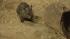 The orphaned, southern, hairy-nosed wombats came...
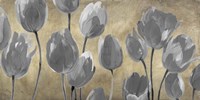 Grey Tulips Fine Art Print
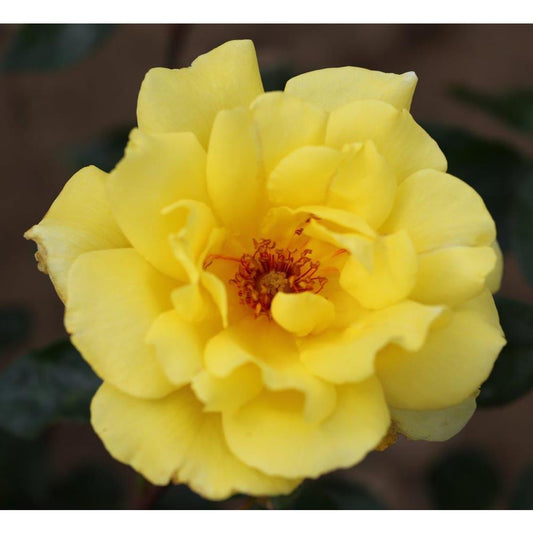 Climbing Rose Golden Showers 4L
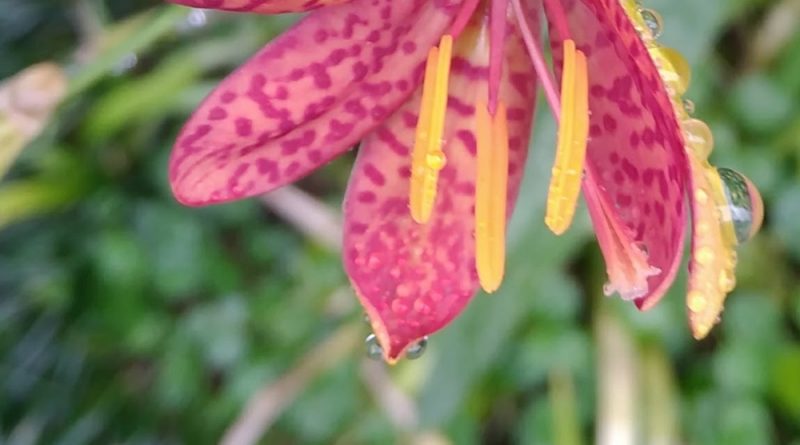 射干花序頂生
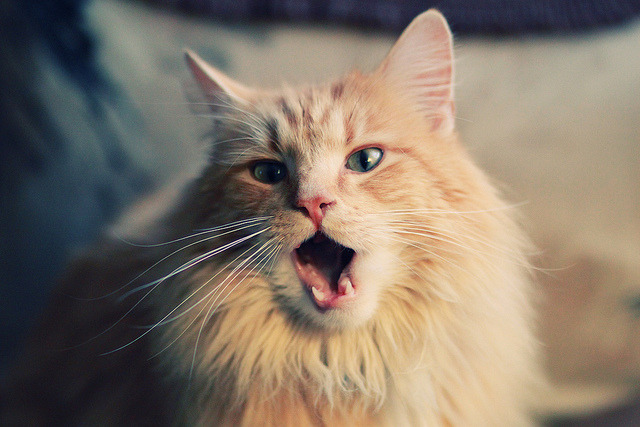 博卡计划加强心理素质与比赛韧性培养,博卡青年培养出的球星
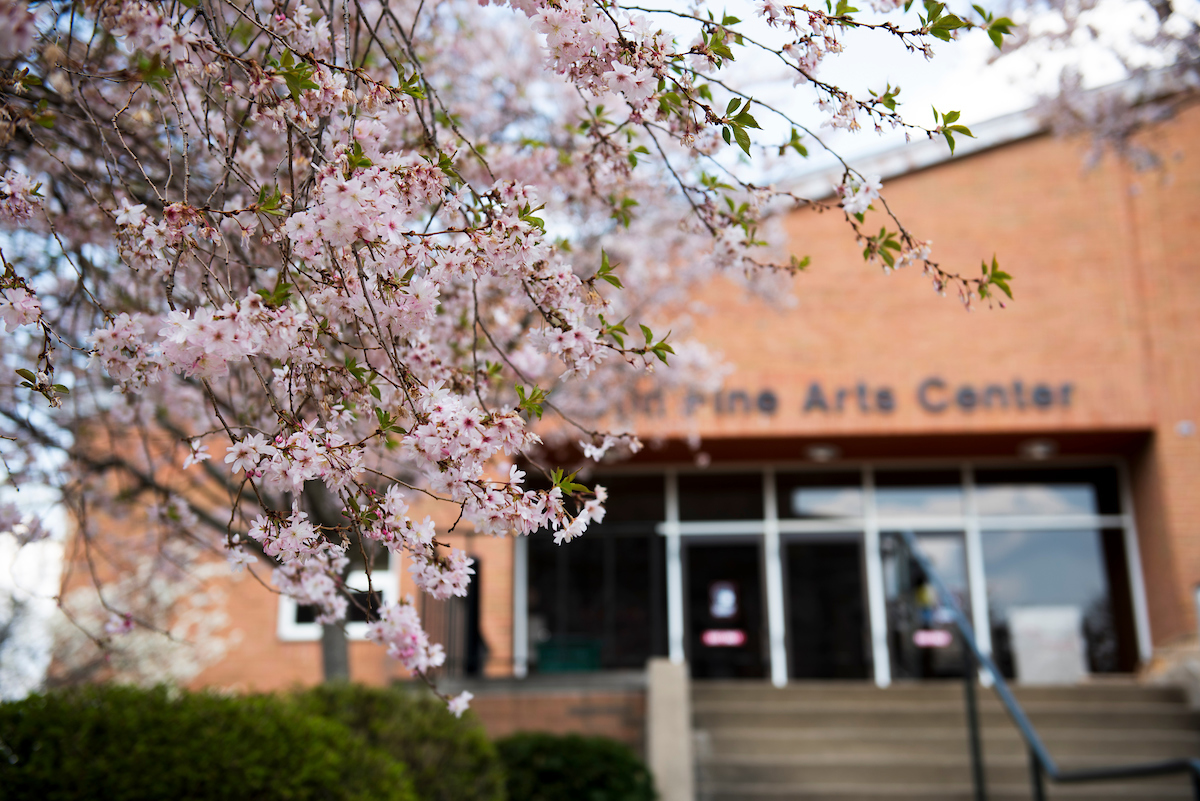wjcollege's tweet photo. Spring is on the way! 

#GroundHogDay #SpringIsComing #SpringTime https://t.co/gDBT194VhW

==================================================

Task to complete ▸ Copy out, without any pictures, the lines of the records above from the one containing "wjcollege's tweet photo." through the final line, both ends included.

Worked solution ▸
wjcollege's tweet photo. Spring is on the way! 

#GroundHogDay #SpringIsComing #SpringTime https://t.co/gDBT194VhW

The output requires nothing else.